This retrospective cross-sectional study aimed to investigate the relationship between Chinese medicine (CM) dietary patterns (hot, neutral, and cold) and the incidence of breast cancer among Chinese women in Hong Kong.
Breast cancer cases (n = 202) and healthy controls (n = 202) were matched according to demographics. Chinese women residing in Hong Kong for the past 7 years were recruited by media advertisements (e.g., via newspapers, radio, and posters). The control participants were recruited by convenience sampling from health workshops held in clinics and communities of 15 districts of Hong Kong. After completing test-retest reliability, all participants were asked to complete diet pattern questionnaires about their food preferences and dietary patterns. The Student's unpaired t test, Chi square test, and logistic regression were conducted using SPSS software.

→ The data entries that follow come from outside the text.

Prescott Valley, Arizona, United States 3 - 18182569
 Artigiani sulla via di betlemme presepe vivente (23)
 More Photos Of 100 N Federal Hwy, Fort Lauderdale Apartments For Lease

Three major CM dietary patterns were identified: hot, neutral, and cold. The participants with breast cancer exhibited a stronger preference for hot food than the control group (Chi square test, P < 0.001). A higher frequency of breast cancer was associated with a higher frequency of dining out for breakfast (4-5 times per week, Chi square test, P = 0.015; 6-7 times per week, Chi square test, P < 0.001) and lunch (4-5 times per week, Chi square test, P < 0.001; 6-7 times per week, Chi square test, P = 0.006). The participants with no history of breast cancer consumed CM supplements and Guangdong soups (1-2 times per week, Chi square test, P = 0.05; >3 times per week, Chi square test, P < 0.001) more frequently than those with breast cancer.
Non-breast cancer participants adopted a neutral (healthy and balanced) dietary pattern, and consumed CM supplements and Guangdong soups more frequently.